Canada owes a debt to The Merchant Navy

For the first time since the end of the Second World War, the government is going to discuss compensation with wartime merchant navy representatives. Legislation was discussed, finally, in May.

There remains an untapped balance of between $70 million – $80 million of the $100 – $88 million allocated for the merchant navy in 1992 for five years. That funding runs out this year. Two years ago the Department of Veterans Affairs gave back $154 million to the Treasury Board; last year, they gave $83 million. They have returned $422 million in the past five years.

The restrictive legislation of 1992 did not provide the same access to income-tested benefits and disability pensions given the military. The merchant navy veterans are not recognized as a service nor is all their service training or the injuries and deaths which occurred during that training and in theatres of war. At the same time the government is eroding veterans’ benefits.

Post-war merchant seamen/women were excluded from pensions and the Rehabilitation benefits (free and paid university education, include. pre- and post-university; business loans; housing; health care; land grants; insurance, civil service jobreference) given to the military veterans.

To compensate for the lost opportunities and the discrimination that excluded them from benefits accorded their military comrades, the merchant seamen/seawomen are seeking a tax free lump sum payment of $20,000 and $40,000 for the merchant navy prisoners of war who were incarcerated for 50 months on average but only have 30 months recognized. The $70 million to $80 million untapped funds could pay for this.

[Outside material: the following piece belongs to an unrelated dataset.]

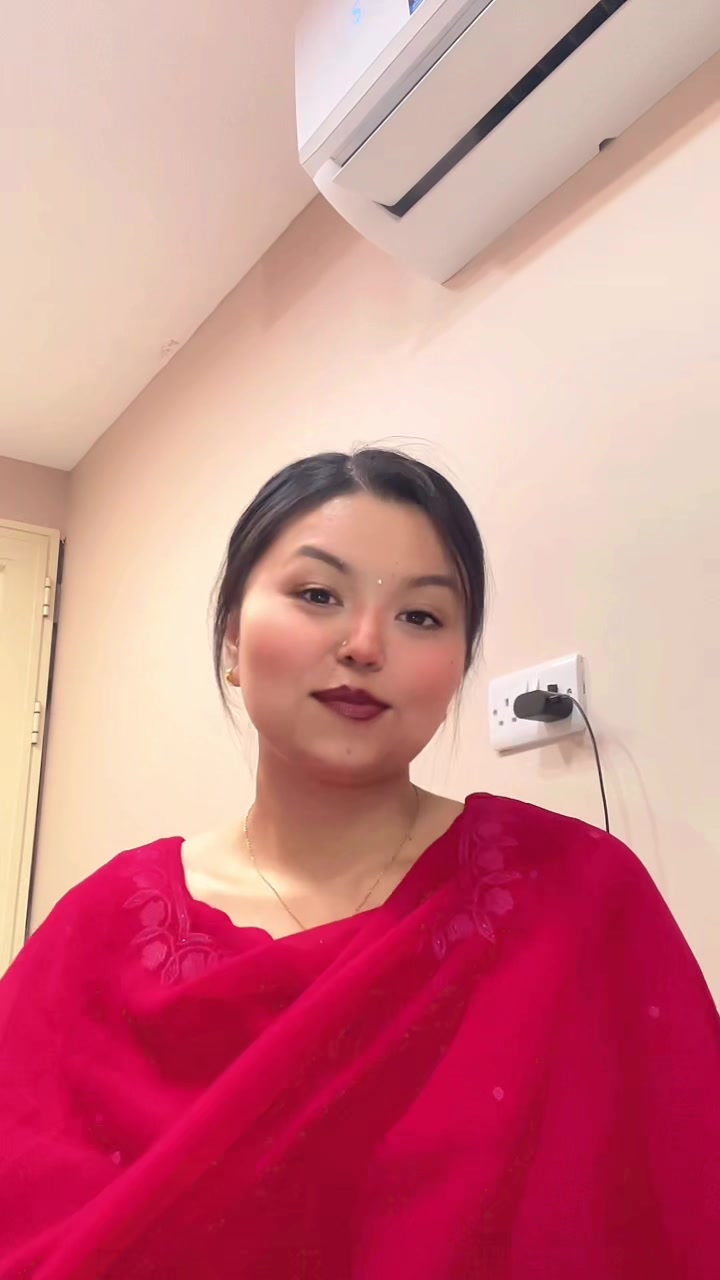 @Manju❤️🩹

Or an income tax free life. Their average age, if alive, is 77 and for the POWs, 87. The average life expectancy of Canadian males is 76.

The compensation would not replace, eliminate, modify, or impinge upon whatever benefits that some might now be receiving. These would continue.

Foster Griezic, Adjunct Professor, Canadian History.

N.B. Canada’s wartime merchant navy had the highest death ration of all the services, one in eight; RCAF, one in 16; Army, one in 32; RCN, one in 47.

Less than 2,500 remain of the 12,000 merchant navy veterans. Approximately 12 die each month.

Editor’s Note: The preceeding is the complete text of a press release recently sent out by the Merchant Navy Coalition, a group dedicated to securing equal rights for those who served in Canada’s Merchant Navy.